The six stages (Scott et al.)
- Chaos & accident response. The event itself; you're running the code.
- Intrusive reflections. Replaying the event, what-ifs, sleep disturbance.
- Restoring personal integrity. Seeking reassurance, talking to trusted colleagues.
- Enduring the inquisition. M&M, peer review, possible legal process.
- Obtaining emotional first aid. Professional or peer-support engagement.
- Moving on. Three outcomes: dropping out, surviving, or thriving.
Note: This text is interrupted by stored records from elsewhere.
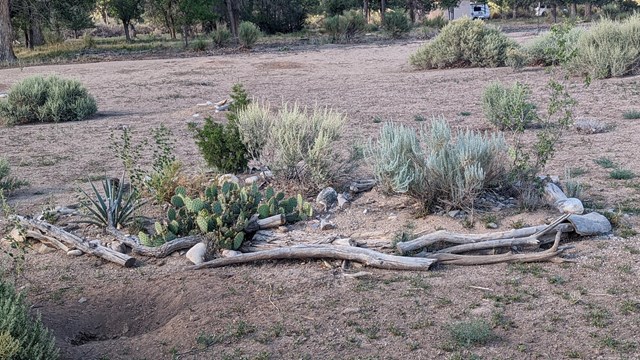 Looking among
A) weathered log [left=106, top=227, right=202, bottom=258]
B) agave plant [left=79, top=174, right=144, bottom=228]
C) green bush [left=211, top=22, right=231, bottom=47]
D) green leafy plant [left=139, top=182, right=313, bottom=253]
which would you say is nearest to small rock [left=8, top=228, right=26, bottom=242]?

Support predicts which.
What helps, what doesn't
Helps:
- Trained peer support within the first 24–72 hours.
- Clear separation of the learning conversation (M&M) from the emotional one.
- Time protected from clinical work to process — negotiated, not assumed.
- Factual clarity on the root cause to avoid indefinite self-blame.
- Therapist consultation for persistent symptoms beyond 2 weeks.
Doesn't help:
- Returning to the same case type the next day because that's “the right thing.”
- Isolated rumination.
- Alcohol as coping.
- Discussing details with unprotected parties (social media, non-privileged colleagues).
Programs you can access
- forYOU (Missouri): The prototype second-victim program. Many US institutions modeled theirs on it.
- RISE (Johns Hopkins): Resilience In Stressful Events, 24/7 peer responders.
- Hospital peer-support programs: Most academic centers now have these; check your GME or CMO office.
- AANA Peer Assistance: 1-800-654-5167, also serves second-victim needs.
- Physician Support Line: 1-888-409-0141.
Legal & documentation
Emotional-support conversations through a recognized peer-support program are generally privileged in most states. Text messages to friends and social media posts are not. Before you process out loud, know which channels are protected. Your risk-management team can walk you through this — and should.
When to step back
Self-assessment questions, 24 hours after an event:
- Am I sleeping >4 hours?
- Can I focus for a full case without intrusive thoughts?
- Am I eating?
- Do I trust my hands today?
If the answer to any is no, request time off. This is a clinical-safety decision, not a weakness.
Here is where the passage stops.